The 1997 act provides that a person is guilty of harassment if they, without lawful authority or reasonable excuse, harass another “by persistently following, watching, pestering, besetting, or communicating” with him or her by any means, including a phone.

Recklessly interfere

The accused must also by his or her acts, intentionally or recklessly interfere with the other’s peace and privacy or cause alarm, distress or harm, the McCann FitzGerald lawyers write.

The Supreme Court case centred on a detective garda who sent offensive letters and emails to associates of the complainant.

She also distributed vulgar leaflets throughout the victim’s home area, with only one piece of correspondence sent directly to the subject.

The appellant was convicted of a single count of harassment and was sentenced to three years’ imprisonment.

She unsuccessfully appealed this conviction to the Court of Appeal but was subsequently granted leave to appeal to the Supreme Court.

Leafleting

The appellant’s lawyers argued that the emails did not come under the meaning of the legislation, and that the leafleting was not a communication with one person.

They also argued that the appellant had not engaged in physical watching or ‘besetting’ of the complainant.

The Supreme Court dismissed the appeal and reinforced the decision of the trial judge and the Court of Appeal.

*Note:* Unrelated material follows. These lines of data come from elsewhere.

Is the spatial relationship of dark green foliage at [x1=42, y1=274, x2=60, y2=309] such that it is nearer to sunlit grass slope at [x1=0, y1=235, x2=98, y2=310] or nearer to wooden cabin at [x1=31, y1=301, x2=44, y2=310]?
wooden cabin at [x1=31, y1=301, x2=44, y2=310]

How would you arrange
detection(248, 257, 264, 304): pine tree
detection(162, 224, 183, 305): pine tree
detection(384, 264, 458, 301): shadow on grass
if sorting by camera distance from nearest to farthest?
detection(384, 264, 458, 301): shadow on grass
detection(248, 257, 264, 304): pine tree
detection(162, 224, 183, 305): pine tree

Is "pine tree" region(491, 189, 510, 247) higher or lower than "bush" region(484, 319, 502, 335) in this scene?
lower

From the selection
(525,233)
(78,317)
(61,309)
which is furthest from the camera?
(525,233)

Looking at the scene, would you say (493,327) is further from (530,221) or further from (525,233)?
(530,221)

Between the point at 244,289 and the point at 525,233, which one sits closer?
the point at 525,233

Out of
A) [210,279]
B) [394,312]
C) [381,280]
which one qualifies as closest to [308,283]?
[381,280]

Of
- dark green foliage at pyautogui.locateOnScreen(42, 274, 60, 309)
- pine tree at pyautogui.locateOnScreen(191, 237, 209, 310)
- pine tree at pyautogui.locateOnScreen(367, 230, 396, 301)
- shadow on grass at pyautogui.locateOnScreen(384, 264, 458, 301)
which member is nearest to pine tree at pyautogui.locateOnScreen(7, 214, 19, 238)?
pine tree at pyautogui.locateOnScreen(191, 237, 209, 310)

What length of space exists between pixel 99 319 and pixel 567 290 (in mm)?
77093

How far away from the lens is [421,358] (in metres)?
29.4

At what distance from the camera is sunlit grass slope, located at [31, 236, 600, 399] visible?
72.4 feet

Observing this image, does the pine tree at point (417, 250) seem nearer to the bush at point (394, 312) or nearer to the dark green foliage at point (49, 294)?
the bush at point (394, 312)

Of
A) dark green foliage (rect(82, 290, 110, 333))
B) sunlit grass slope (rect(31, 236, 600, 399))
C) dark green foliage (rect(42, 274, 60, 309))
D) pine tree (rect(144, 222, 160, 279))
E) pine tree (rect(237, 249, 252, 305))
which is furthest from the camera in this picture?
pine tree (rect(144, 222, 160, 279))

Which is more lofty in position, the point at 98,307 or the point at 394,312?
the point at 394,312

The judgment says that harassment by communication does not require the victim to be directly addressed, provided the mails were manifestly for the victim’s eyes, and sent to close associates.

'Besetting'

A majority of the Supreme Court also ruled that the appellant was guilty of harassment by communicating and not by ‘besetting’, which requires physical presence, albeit at a distance.

The McCann FitzGerald lawyers write that the ruling is significant, in that an offensive post or publication, not directly targeting a complainant, can now be classed as an offence.

They conclude that similar indirect social-media posts about a subject could fall under the same categorisation.